Build datasets and gather feedback to improve your application
After observing your application in production, the next step is annotating and curating data to build evaluation datasets. This process transforms raw production logs into high-quality test cases that help you systematically improve your application.
Annotation creates the ground truth data needed for evaluation. By collecting feedback, adding labels, and curating examples from production, you build datasets that:
Represent real user interactions and edge cases
Include expected outputs and quality assessments
Enable systematic testing and comparison
Support automated and human evaluation
Braintrust integrates annotation seamlessly with logs and experiments, making it easy to capture feedback and build datasets without context switching.
Human review provides qualitative assessments that complement automated scoring. Configure review scores in your project to collect:
Continuous scores: Numeric ratings with slider controls (0-100%)
Categorical scores: Predefined options with assigned values
Expected values: Corrections showing what the output should be
Comments: Free-form feedback and context
Review traces and provide structured scores to begin the annotation process. You can efficiently evaluate large batches with keyboard navigation, or use the kanban layout to visualize review progress across backlog, pending, and complete states.
Custom trace views transform complex traces into interfaces anyone on your team can use.

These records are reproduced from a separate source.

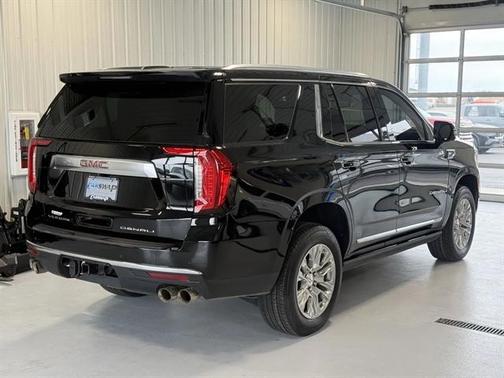 Onyx Black 2021 GMC Yukon Denali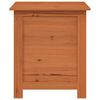vidaXL Outdoor Cushion Box Brown 50x50x56 cm Solid Wood Fir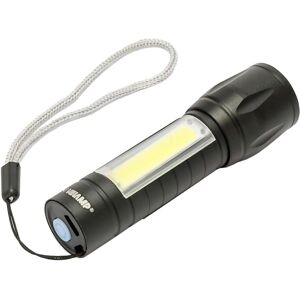VELAMP Thor max - Linterna LED recargable con zoom y linterna lateral VELAMP Thor max - Linterna LED recargable con zoom y linterna lateral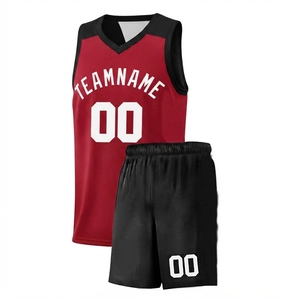 Conjunto de Uniforme de Baloncesto Personalizado Amarillo y Negro, Cuello en V, Sin Mangas, Malla Transpirable de Secado Rápido, 220g, Nombre del Equipo 00, Impresión Sublimada - Product Image 4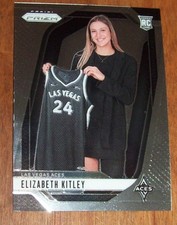 2024 Panini WNBA Prizm Basketball Elizabeth Kitley Rookie Card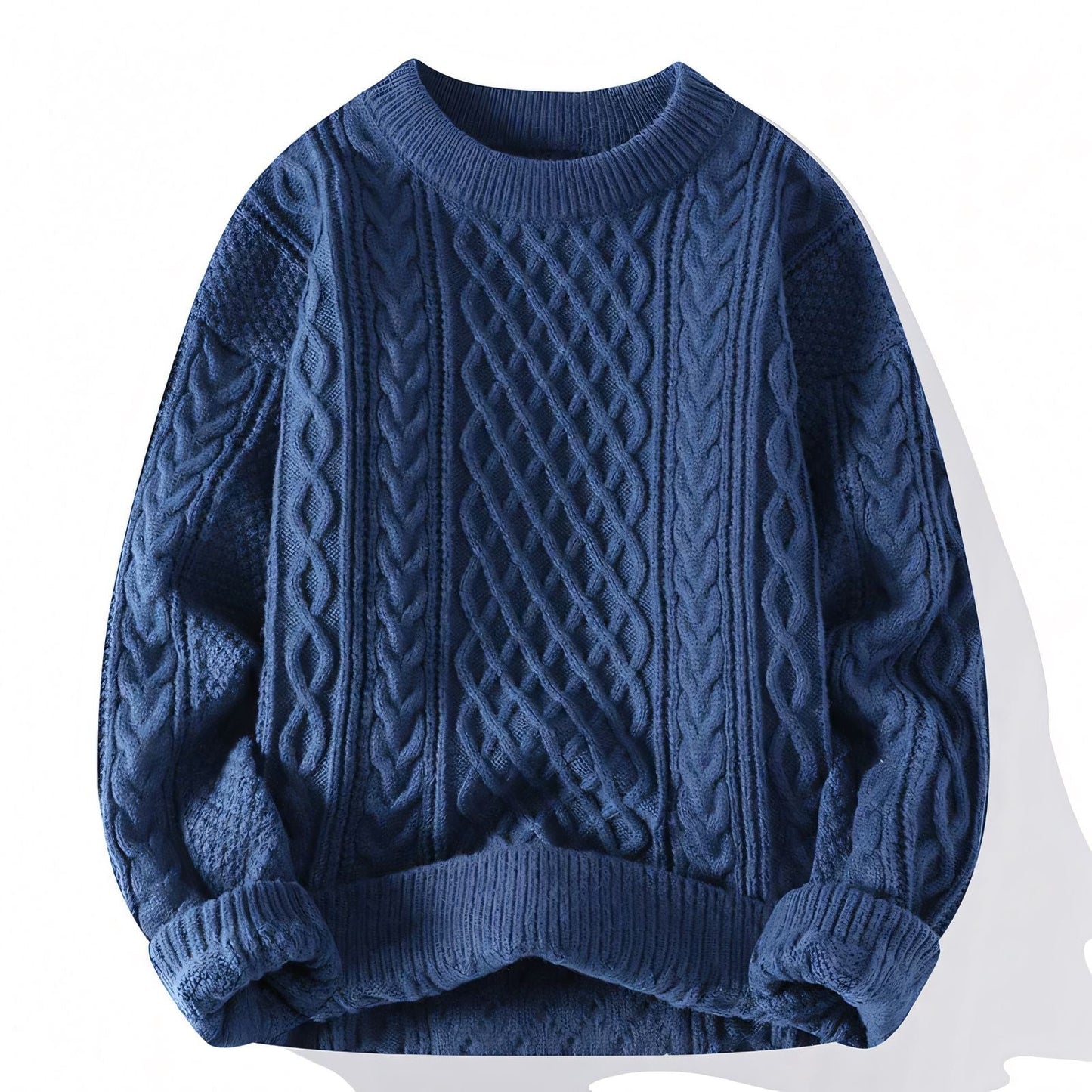 Sinplo Noir Wool Sweater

Describe what you want in natural language and Loop generates an interactive React component you can customize or embed anywhere.Build custom views to:
Create annotation interfaces for large-scale human review tasks
Replace JSON with intuitive UI components for non-technical reviewers
Display data in domain-specific formats (carousels, conversation threads, dashboards)
Aggregate information across multiple spans in a trace
Custom views integrate with human review workflows, enable interactive annotation controls, and can be shared across your team or embedded in your own applications.